Overall, though, he’s the only president I’ve actually missed when he was no longer in office.
Or is it 30% each year for 10 years? I think it is this.
The income tax is not a tax on the rich. It’s a tax on people trying to get rich. Is it any surprise that people who are already rich support heavy taxes that prevent others from joining their ranks?
The real rich in this country support democrats because they know the Constitution frowns on wealth taxes, and so the Democrats can tax all the income they want but they’ll never take the principal that wealthy people have already stored up.
Just when I was starting to like Stockman again.
One of Ronald Reagan’s biggest mistakes was in not firing this idiot at his first public insubordination.

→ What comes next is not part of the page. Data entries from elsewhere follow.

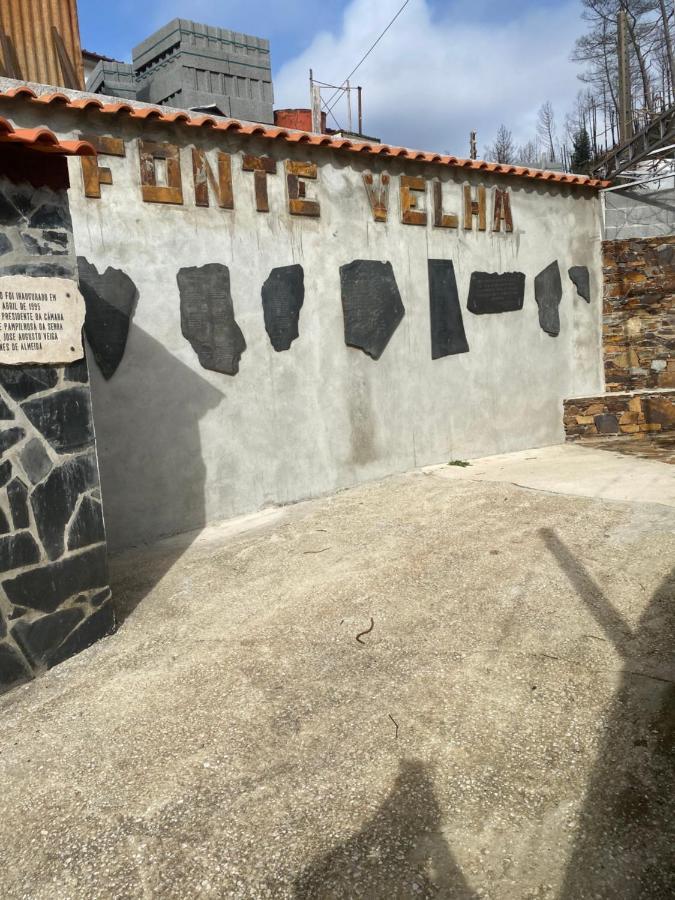 Isabel House Alojamento Rural Pampilhosa da Serra Zewnętrze zdjęcie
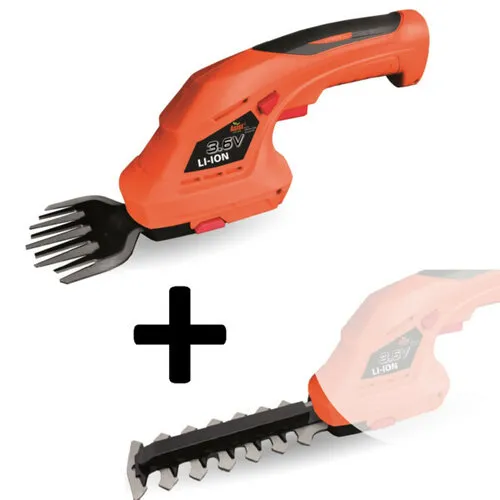 Asist Smart Garden AE3N36 aku nůžky s pevnou rukojetí, 3,6 V Li-lon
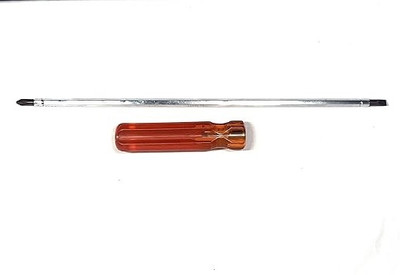 Universalman Hardware Tool07 Standard Screwdriver(Pack of 1)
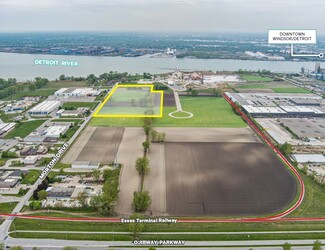 Plus de détails pour Vacant Land - 200 Morton Drive, Windsor, ON - Terrain à vendre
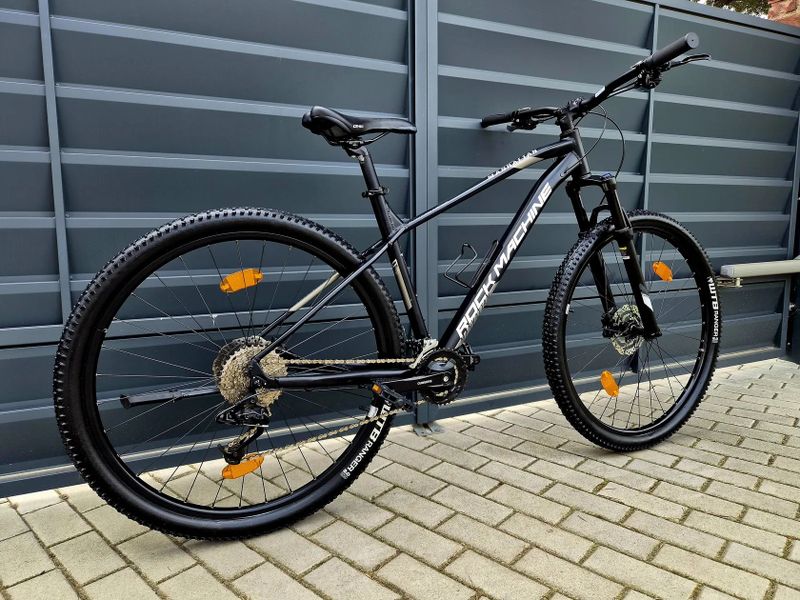 (72)Horské hliníkové kolo Rock Machine 29"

A BUDGET DIRECTOR WHO QUESTIONS THE PRESIDENT’S PRIORITIES????? Stockman is garbage—recycled garbage.
Agreed. More scenes we’d like to see. Of course Democrats will never go along with it. They have an uncanny willingness to spend other people’s money. But when it comes to their own, not so much.
And I'd consent to a leprechaun leaving his gold on my door step, a unicorn for my grand-daughter to play with, and mermaids in the local lake to talk to while fishing.
There's no way such a powerful tool would ever be given up by the powers that be.